It must have worked because Stalin said we were more trouble than we were worth, and he decided to get rid of us by finally sending us back to Hungary, a country that was by then under communist rule.

Not Happy to be Home

The train to Hungary arrived in a town called Nyiregyhaza in the middle of the night, and right away we could tell it wouldn’t be a happy homecoming. At the train station we were met by dogs, high beam lights, and soldiers with machine guns. The AVH, or Hungarian secret police, interrogated us all night and then transferred us to jails in Budapest.

It was prison all over again. They put about 150 in one room with only straw on the floor, and although we had a sink and a toilet, for the first four or five days we were only allowed to drink water. We were given no food.

A little short guy, an officer, would come in and play with our minds. He might tell us how lucky we were, that we were going to be given all the bacon we could eat and allowed to write letters home. Five minutes later he would return and tell us we were guilty of great crimes and that we were going to be taken out, shot, and our bodies thrown in the Danube because nobody knew we were there.

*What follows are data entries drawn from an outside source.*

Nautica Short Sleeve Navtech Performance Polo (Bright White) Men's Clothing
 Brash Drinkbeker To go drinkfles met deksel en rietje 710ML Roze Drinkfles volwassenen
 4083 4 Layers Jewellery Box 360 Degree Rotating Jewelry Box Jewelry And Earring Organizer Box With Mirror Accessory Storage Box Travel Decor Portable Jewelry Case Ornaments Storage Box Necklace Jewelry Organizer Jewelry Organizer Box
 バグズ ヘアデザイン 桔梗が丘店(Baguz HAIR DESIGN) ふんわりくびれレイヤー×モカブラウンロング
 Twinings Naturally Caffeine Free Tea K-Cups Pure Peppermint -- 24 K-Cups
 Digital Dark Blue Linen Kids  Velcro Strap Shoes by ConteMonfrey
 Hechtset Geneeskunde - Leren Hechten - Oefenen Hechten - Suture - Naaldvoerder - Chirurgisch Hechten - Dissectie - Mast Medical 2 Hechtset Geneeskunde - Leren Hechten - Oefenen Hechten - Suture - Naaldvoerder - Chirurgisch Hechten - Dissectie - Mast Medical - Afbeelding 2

Hydroelectric plant at Tiszalok

Hydroelectric plant at Tiszalok


I had been a prisoner of war in Siberia for almost five years, and now back in my home country, I would be a prisoner of war for three more. We were held in the jail in Budapest for a month, and then in January of 1951, the Hungarian government sent me to a newly built forced labor camp next to the Tisza River. It was Tiszalok.

Hungarians prisoners who said they wanted to go to the west were sent to Tiszalok, a total perhaps of 2,000 men. The Hungarian government was building a hydroelectric plant on the river, but to generate electricity, the flow of water through the turbines would have to be increased. To do that, the course of the river would have to be altered.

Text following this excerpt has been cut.